The study investigators concluded that PHI testing provides valuable information that can significantly modify physician behavior patterns and improve their ability to diagnose and manage their patients. This additional information assists physicians in making more informed decisions about patient care, and helps to reduce the number of prostate biopsies performed as a result of overdiagnosis. By reducing the number of unnecessary specialized procedures, physicians may provide better care to patients by minimizing both the emotional and physical burden that can be associated with unnecessary invasive procedures.
“Effective biomarkers share three optimal characteristics,” says Jay White, PhD, MPH, director of laboratory services at Carolina Urology Partners. “First, they have to demonstrate high specificity to differentiate between cancer and normal cells, and also to isolate prostate cancer from other cancers and diseases. They also need to have high sensitivity to identify the disease early and in all individuals in whom it is present. Lastly, they need to be easily detected with noninvasive methods.

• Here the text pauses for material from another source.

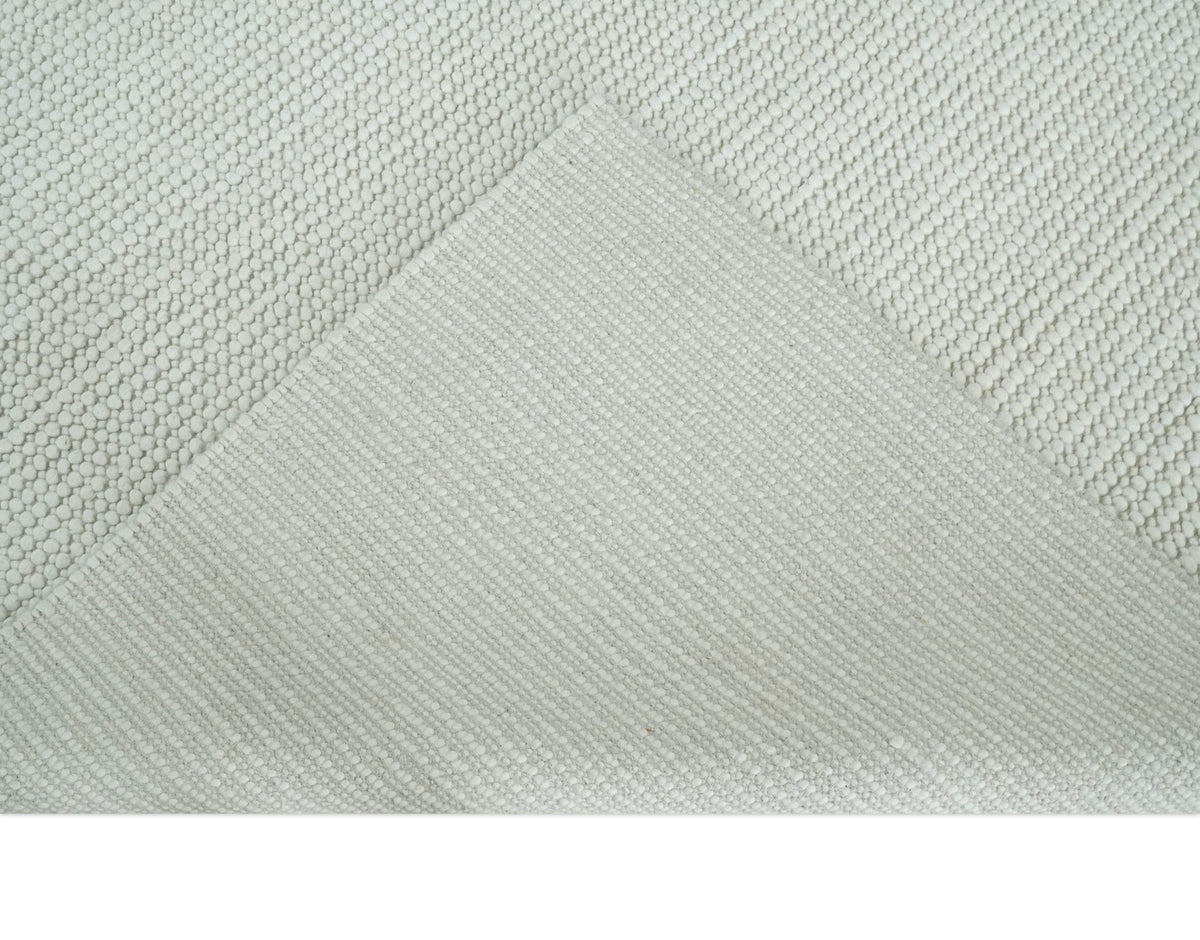 Contemporary Solid Design Ivory Handwoven Wool Area Rug.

“Biomarkers with poor specificity may lead to false positive results, leading to unnecessary testing that exposes individuals to complications associated with biopsies, such as bleeding, pain, and the risk of infection, and creating an economic burden for the patient and healthcare provider alike,” says White.

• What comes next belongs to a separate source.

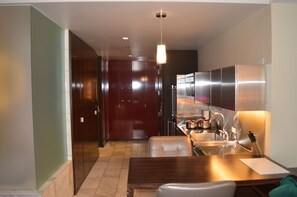 Una cocina moderna con electrodomésticos de acero inoxidable, un comedor con mesa y sillas de madera, y un pasillo con una puerta que da a otra habitación.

The FDA-approved PHI test helps distinguish prostate cancer from benign conditions, using a score calculated from a combination of three blood tests. The PHI score provides additional information about what elevated PSA levels might mean, and the probability of finding prostate cancer during biopsy. The PHI results are intended to be used as an aid in distinguishing prostate cancer from benign prostatic conditions in men 50 years of age and older with total PSA results in the 4-10 ng/mL range and negative DRE findings. When combined with the patients’ clinical risk factors and family history, the PHI score can help determine individualized patient management protocols.
“The PHI test provides more information about the probability that a patient may have prostate cancer, giving both the patient and doctor additional insight to guide a decision as to whether a prostate biopsy is needed,” says Michael Samoszuk, MD, chief medical officer at Beckman Coulter Diagnostics.
- White J, Shenoy BV, Tutrone RF, et al. Clinical utility of the Prostate Health Index (PHI) for biopsy decision management in a large group urology practice setting. Published online in advance, November 20, 2017; doi: 10.1038/s41391-017-0008-7. Available at: www.nature.com/articles/s41391-017-0008-7.
- Beckman Coulter Access Hybritech p2PSA instructions for use [online]. Brea, Calif: Beckman Coulter Diagnostics, 2017. Available at: www.beckmancoulter.com/wsrportal/wsrportal.portal?_nfpb=true&_windowLabel=UCM_RENDERER&_urlType=render&wlpUCM_RENDERER_page=itemDetails&wlpUCM_RENDERER_itemNumber=B03704#2/10//0/25/1/0/asc/2/B03704///0/1//0/. Accessed February 6, 2018.